The approval document sets out that “The ‘Retrofit London’ project is led by LB Enfield, working in partnership with LB Haringey, LB Waltham Forest, LB Lewisham, Enterprise Enfield (EE) and North London Chamber of Commerce (NLCofC).
Retrofit London aims to support 175 SMEs based in Enfield, Haringey, Waltham Forest and Lewisham, to access new market opportunities, particularly market opportunities driven by the carbon reduction and energy saving agenda.“
The approval document also provides some background to the ERDF and sets out that the total project cost is £1.05m as a result of match funding from the partners involved:
LB Enfield (Procurement team): £42,000
Enfield Council: £130,405
LB Haringey: £100,000
LB Lewisham: £75,000
LB Waltham Forest (Procurement team):£42,000
LB Waltham Forest (Economic Development team): £38,000
North London Chamber of Commerce: £47,595
Enterprise Enfield: £50,000
A tender was issued for a Project Manager for the programme, the deadline for which was earlier this week. The project is to set to run until December 2015.
April 2014: On Wednesday 2nd April 2014 the Greater London Authority hosted a workshop focussing on the Business Case and Business Planning for Decentralised Energy projects.

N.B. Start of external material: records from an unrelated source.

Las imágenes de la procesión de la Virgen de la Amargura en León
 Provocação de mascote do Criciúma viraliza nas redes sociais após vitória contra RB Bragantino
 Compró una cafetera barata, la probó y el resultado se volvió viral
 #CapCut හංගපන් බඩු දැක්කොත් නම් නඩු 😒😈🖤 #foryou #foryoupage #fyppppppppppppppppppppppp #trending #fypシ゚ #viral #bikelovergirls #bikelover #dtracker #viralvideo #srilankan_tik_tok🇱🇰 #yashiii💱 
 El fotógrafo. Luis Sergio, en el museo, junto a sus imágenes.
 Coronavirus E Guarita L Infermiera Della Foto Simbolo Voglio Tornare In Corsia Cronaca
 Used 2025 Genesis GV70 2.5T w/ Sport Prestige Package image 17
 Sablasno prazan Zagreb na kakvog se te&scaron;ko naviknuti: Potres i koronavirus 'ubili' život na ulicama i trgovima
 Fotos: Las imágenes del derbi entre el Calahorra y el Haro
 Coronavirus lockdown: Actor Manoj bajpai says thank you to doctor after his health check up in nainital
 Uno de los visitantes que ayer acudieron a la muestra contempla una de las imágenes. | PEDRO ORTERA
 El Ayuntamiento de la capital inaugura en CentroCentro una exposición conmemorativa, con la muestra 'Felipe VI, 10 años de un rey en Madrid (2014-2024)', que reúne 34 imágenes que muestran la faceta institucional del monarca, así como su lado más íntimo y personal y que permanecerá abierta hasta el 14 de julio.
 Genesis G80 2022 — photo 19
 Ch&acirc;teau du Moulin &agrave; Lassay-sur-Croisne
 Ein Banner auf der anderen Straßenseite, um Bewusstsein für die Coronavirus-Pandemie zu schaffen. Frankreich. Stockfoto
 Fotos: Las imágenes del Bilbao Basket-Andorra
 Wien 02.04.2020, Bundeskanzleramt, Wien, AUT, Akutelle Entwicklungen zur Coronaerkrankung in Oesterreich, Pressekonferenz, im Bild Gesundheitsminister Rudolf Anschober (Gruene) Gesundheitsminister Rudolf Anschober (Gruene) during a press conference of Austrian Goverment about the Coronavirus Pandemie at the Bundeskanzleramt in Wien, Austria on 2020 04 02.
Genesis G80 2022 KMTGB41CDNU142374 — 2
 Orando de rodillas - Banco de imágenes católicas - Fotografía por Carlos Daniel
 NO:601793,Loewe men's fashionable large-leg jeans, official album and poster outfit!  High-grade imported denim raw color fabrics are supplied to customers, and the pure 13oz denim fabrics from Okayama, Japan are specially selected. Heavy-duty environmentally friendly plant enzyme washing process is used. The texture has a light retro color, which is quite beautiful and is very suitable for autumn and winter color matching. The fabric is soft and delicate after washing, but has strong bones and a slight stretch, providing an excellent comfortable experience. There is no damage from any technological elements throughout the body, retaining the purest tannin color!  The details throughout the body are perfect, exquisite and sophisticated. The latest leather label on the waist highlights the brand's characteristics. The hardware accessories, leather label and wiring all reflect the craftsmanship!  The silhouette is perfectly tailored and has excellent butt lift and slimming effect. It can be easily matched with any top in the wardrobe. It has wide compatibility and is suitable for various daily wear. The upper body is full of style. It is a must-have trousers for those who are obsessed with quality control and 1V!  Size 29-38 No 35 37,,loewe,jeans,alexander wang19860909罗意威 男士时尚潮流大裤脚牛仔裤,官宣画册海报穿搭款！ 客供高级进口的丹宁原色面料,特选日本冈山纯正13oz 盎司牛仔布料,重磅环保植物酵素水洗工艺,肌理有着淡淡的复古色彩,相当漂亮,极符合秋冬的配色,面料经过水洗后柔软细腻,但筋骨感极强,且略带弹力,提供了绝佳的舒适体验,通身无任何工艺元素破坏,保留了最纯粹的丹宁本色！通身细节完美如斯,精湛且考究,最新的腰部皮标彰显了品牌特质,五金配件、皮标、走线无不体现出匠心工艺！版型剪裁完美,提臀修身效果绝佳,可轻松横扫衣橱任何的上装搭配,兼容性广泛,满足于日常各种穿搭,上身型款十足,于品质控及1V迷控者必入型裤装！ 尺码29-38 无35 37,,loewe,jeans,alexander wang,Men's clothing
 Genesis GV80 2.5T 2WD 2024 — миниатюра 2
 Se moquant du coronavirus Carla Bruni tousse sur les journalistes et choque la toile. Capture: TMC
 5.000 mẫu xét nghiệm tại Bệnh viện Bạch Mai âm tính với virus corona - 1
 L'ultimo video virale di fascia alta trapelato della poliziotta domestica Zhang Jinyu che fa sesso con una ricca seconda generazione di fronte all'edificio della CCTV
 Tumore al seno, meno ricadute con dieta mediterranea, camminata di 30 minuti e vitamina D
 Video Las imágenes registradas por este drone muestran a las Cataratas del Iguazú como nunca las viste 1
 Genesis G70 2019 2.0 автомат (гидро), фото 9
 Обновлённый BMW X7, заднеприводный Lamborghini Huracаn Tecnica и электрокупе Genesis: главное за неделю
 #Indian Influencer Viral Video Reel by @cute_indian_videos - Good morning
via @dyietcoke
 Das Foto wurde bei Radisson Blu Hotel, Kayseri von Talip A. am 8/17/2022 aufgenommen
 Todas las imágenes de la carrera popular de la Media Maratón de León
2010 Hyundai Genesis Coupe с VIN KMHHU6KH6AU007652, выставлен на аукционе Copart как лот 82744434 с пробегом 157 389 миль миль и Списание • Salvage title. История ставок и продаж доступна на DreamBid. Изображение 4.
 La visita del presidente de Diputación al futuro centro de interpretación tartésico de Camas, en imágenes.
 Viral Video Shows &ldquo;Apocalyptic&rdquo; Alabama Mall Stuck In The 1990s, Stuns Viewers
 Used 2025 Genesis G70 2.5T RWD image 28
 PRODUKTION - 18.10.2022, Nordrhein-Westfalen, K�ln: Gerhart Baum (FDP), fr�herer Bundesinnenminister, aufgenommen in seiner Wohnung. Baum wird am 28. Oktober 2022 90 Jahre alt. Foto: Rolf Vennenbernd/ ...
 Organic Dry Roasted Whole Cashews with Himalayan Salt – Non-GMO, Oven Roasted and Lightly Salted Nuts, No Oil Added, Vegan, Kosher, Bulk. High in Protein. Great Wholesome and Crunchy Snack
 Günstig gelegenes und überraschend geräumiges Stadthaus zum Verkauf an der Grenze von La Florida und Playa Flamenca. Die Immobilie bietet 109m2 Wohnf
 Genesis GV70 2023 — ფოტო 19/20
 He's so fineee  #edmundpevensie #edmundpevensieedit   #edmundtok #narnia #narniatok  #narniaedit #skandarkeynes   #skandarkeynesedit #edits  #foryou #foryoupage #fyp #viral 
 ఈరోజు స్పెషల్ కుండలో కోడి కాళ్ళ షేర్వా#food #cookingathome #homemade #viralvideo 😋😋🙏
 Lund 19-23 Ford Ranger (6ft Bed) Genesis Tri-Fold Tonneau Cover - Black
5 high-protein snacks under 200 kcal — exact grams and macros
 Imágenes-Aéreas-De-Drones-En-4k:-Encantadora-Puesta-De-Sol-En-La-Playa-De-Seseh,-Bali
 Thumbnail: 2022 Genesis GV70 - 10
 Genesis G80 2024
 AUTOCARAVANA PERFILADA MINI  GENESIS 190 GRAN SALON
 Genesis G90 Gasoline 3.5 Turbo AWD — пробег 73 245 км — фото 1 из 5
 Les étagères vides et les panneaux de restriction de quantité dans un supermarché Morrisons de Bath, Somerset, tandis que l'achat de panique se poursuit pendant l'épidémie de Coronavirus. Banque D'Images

The event included an introduction from Matthew Pencharz – Senior Advisor, Environment and Energy (GLA), case studies and an open discussion amongst all attendees. The workshop hosted speakers from the London Borough of Enfield, Westminster City Council, Arup and the GLA. Attendees included energy consultants, engineers and local authorities.
Materials presented by the speakers can be downloaded using the following links:
Peter North, Greater London Authority
Robert Tudway Greater London Authority
Bruce Laidlaw, Arup
Jeff Laidler, London Borough of Enfield
Tim Starley-Grainger, Westminster City Council
December 2013: An oral evidence session between officials and the London Assembly Budget & Performance Committee (see earlier post for details) highlighted the slow progress of the Mayor’s domestic energy efficiency retrofit programme RE:NEW. A new paper (06a(v)) presented to the 18th December meeting of the London Assembly Budget Monitoring Sub-Committee provides some data helping illustrate the extent of the shortfall.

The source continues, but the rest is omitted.